Uma pequena multidão rodeava as individualidades da praxe e envolvia de um certo tédio os seus discursos, enquanto , como eu, circunvagueava o olhar surpreso pelo encantador e subtil monumento que se espraia por um enorme monstro de ferro que se projecta para o céu como uma árvore que abre à frutificação de algo, como se fosse um resgurdo para a figura do soldado esculpido em tamanho natural que se lhe cola; e, ao lado, por detrás de um muro granítico, a figura sentada pelo peso da saudade, uma mulher caxineira de medalhão com a fotografia do seu homem-soldado ao peito, lê uma carta que diz:-"a minha alma ficou no cais , adeus até ao meu regresso".

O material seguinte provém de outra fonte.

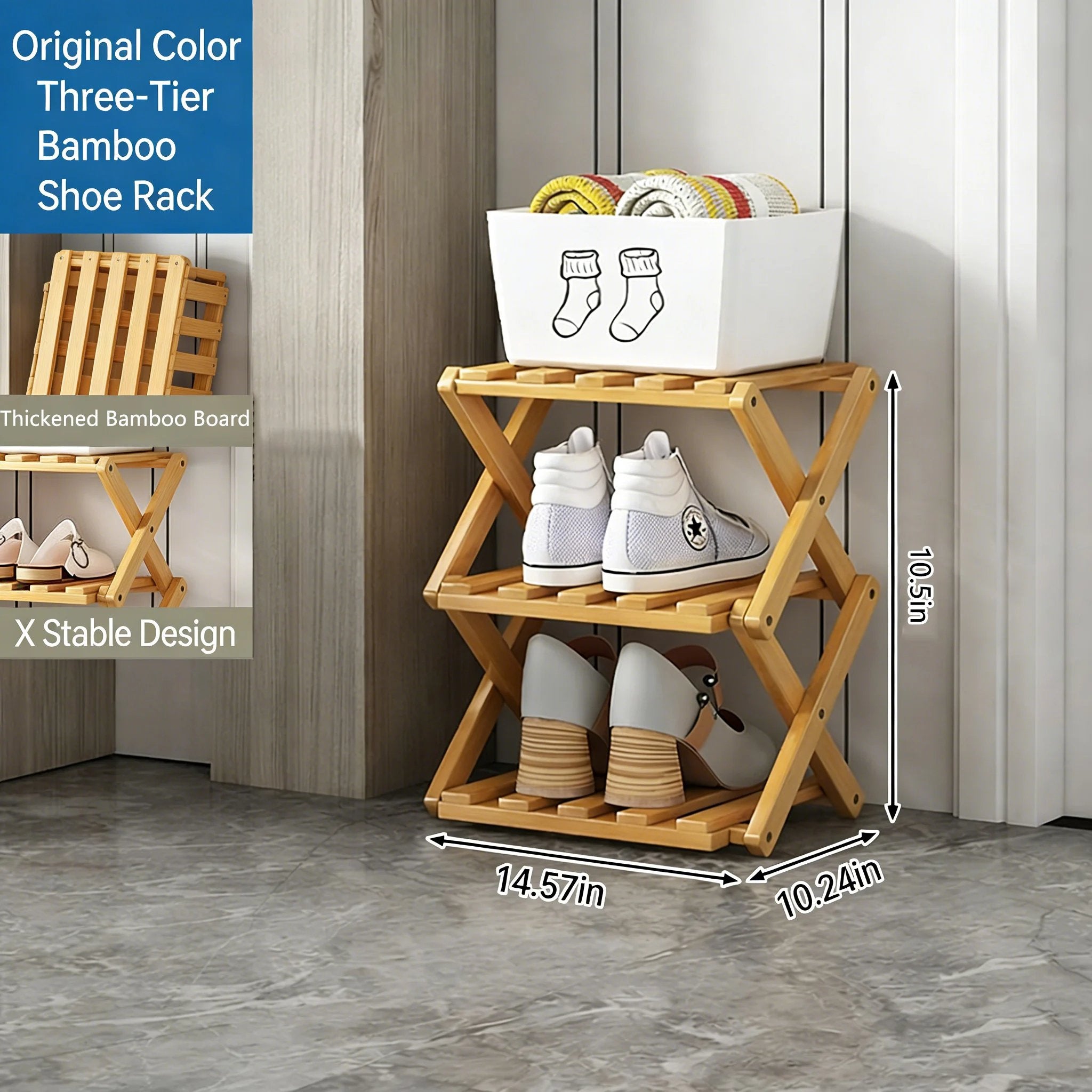 The 9-Tier No-Assembly Bamboo Rack !🌿👟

Tudo certo , tudo consoante os previstos, arrumados a um lado um grupo de soldados aprumando a sua G3, do outro as individualidades, o senhor abade muito velhinho e hirto como um inglês e que só podia ser o antigo padre que os viu partir e lhes guardou a memória e a memória do apoio às viúvas, mais afastadas e como que envergonhadas mulheres jovens, sozinhas como a despropósito naquele obelisco de homens e que só podiam ser filhas de qualquer um dos 47 nomes vulgares agora ali inscritos.
Tudo tédio, tudo segundo os conformes. E de repente, de repente, começa a leitura de cada um dos quarenta e sete nomes. Gritado o nome, os soldados em formatura mais umas dezenas de presentes na casa dos sessentas, civis estes, embora com a respeitável boina dos comandos,dos fuzas,dos páras que sempre vão ser, respondiam em coro:-"PRESENTE!",numa voz cuja fragilida sofrida fazia tremer o chão. E repetia , agora o segundo nome da lista escrita no mural, e a terceira, e a quarta, e um exército todo!, todos os exércitos, o mundo português todo!. E a resposta uníssona : PRESENTE!
As lágrimas correram-me cara a baixo. Envergonhado, olhei a medo: à minha volta os olhos turvavam-se, as faces escondiam-se da minha vergonha, também. E eu percebi pela primeira vez o que era o 10 de Junho.